The cable is thin and the jack connector is small enough to pass it where you want to with minimal panel removal, in my case it easily fitted between the frame and fairing to allow it to be routed to the left side of the tank where it was held under the strap for the tank cover. The only thing to consider is where you want the jack so you can access it easily to plug the jacket in.

Time to give it a try.

The battery voltage with the ignition off was 12.9v. The jacket was plugged in and switched on resulting in a voltage drop to 12.4v. Not much compared to other accessories. It was left plugged in with the bike off for 10 minutes while laying on the tank. This is the time recommended in the instructions to gain most benefit from it. The air temperature was 4 degrees. After 10 minutes it was warm to the touch and a thermometer left inside recorded 38 degrees! Having been in a cold garage for an hour I was glad to put it on, it was noticeably warm especially with just a T-shirt underneath. The jacket was left on for a further hour without the bike running, it has overheat protection so would not get too hot, the object was to test the battery drain.
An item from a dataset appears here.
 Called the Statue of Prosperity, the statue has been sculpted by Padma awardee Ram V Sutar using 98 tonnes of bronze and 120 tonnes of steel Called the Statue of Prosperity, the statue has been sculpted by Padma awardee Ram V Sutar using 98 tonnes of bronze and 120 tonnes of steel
It had dropped to 12.3v and the bike started with no noticeable difference from normal.

The theory

Your brain is only able to process a certain amount of information. High on this list are survival strategies such as I need food, I feel Ill or in this case I am cold. Your subconscious brain diverts more of your thought energy to the fact that you are cold. This reduces the amount of brain power to process non primitive information such as, is that car going to turn, what is the speed limit, is that diesel or water or has Nanny Maud in her Micra seen me.
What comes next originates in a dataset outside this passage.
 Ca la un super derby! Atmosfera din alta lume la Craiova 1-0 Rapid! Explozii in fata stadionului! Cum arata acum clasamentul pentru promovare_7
You are not designed to ride a bike so need to switch off primitive functions by removing the threats, staying warm. This means the concentration levels available on a warm day will still be available to you in the cold.

On road trial

I have tested this kit in temperatures ranging from 2-9 degrees. I have followed the recommended method by wearing it close to the skin with just a t-shirt underneath. In some case I have worn a thin fleece over it to see what the effect was. The coat in all cases is my usual Spada textile jacket with the liner fitted.

Trial 1

Air temperature 4 degrees, dry and clear. I travelled to and from work on this occasion. A 25 mile journey which takes about 40 minutes. The jacket was worn with a t-shirt underneath and left on for the entire journey. It heated up quickly and kept me very warm. On arrival I didn’t have the usual cold to the bones feeling.

Trial 2

A ride out to a bike shop 40 miles away. The air temperature was 9 degrees and a fleece was worn over the heated jacket. It was turned on when I left home but turned off after about 15 minutes as I was getting too hot. I turned it back on for about 15 minutes, it heated me up nicely so was turned off again.

Trial 3

Conditions were similar to trail 1 except that it was raining and I was wearing a fleece over the jacket. The effect was the same as the first trial.
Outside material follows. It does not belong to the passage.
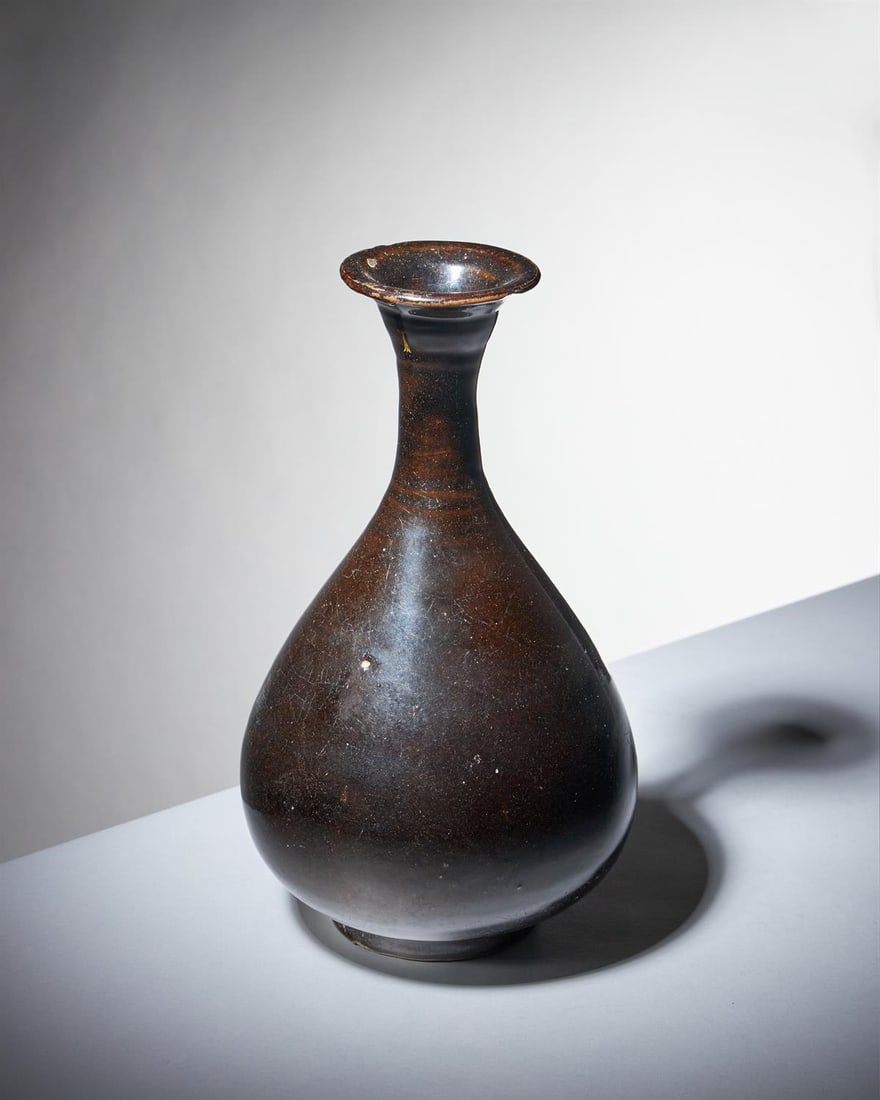 A Chinese black-glazed pottery vase (1 of 9)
I intend to disconnect the jacket from the battery on my bike and fit an accessory plug to it. That way I will be able to use it on a work BMW under leathers. I am certain the benefits will be huge considering that I am on the bike for most of the day.

Conclusion

I have owned a heated vest before which was of little use so I was sceptical. I was proved wrong! The jacket turns even the coldest day into a ridable one. It is well made, east to fit and does exactly what it claims to. It retails at £179.99 which compared to the price of other good quality bike kit is reasonable. There are other options available from the EXO range including gloves, insoles and other jackets.  If you use a bike through the colder months for anything but short journeys this is for you. There are clear safety benefits available because as your wellbeing improves so does your concentration levels. The only criticism is that it causes sweaty arm pits, but a small price to pay and proves that it does its job.